I attended at the great session during the VMworld Europe: INF5898 - vSphere High Availability (HA) Best Practices. VMware introduced a new useful feature with vSphere 6.0 - VM Component Protection. This is a new option of VMware HA that protects VMs from Permanent Device Loss (PDL) and All Paths Down (APD).
This post covers the following topics:
- PDL and APD definitions and occurs.
- HA Response for Datastore with Permanent Device Loss or All Paths Down.
- Configuration of VM Component Protection (VMCP).
When does occur the Permanent Device Loss (PDL)?
A PDL happens when the device is unavailable. Some reasons as examples:
- ESXi host remove from Array's Storage Group.
- Removing a WWN of Storage ports from the zone configuration.
- Failed LUN.
In the PDL state, Storage Array can communicate with the host (still all paths are up) but issuing SCSI sense codes indicating that the device is unavailable.
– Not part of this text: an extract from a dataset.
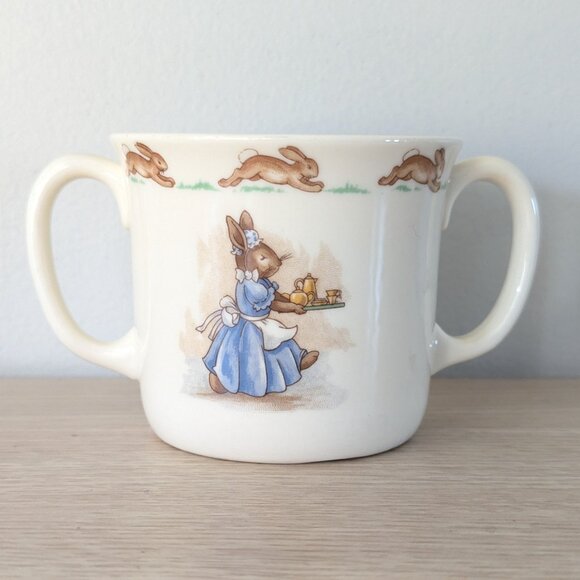 Bunnykins Royal Doulton 2-handled christening mug afternoon tea rabbits - Picture 2 of 8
When ESXi detects a PDL states, the host will stop sending I/O requests to the Storage Array.
What is All Paths Down (APD)?
In this case, there is no connection between Storage Array and the Host (no PDL SCSI sense returned from the Storage Array). Some reasons:
- FC Switch failure.
- FC HBA failure.
However, as ESXi host does not have enough information if the device may return or not, there is a special period known as the APD Timeout (by default 140 seconds or change the advanced setting per host: Misc.APDTimeout) to wait until the device is marked as APD.
The below figure presents VMCP Recovery Timeline:
How to configure VM Component Protection (VMCP)?
To enable and configure VM Component Protection (VMCP) you have to use the Web Client. Just edit HA settings and enable the following option: Protect against Storage Connectivity Loss.
As shown on the above figure, there are following options with parameters:
- Response for Datastore with Permanent Device Loss (PDL)
- Issue events – No action, only an event when a PDL has occurred.
- Power off and restart VMs
- Response for Datastore with All Paths Down (APD)
- Issue events – No action, only an event when an APD has occurred
- Power off and restart VMs (conservative) – Restart only if if there is sufficient capacity on healthy hosts.
- Power off and restart VMs (aggressive)
- Delay for VM failover for APD - When the APD Timeout has been reached (default: 140 seconds) VMCP will wait an additional period of time (3 minutes) before taking action against the affected VMs.
- Response for APD recovery after APD timeout
- Reset VMs – Hard reset of the VMs.
The VM Component Protection is a powerful feature that can help us to minimize influence of storage problems to our VMware infrastructure.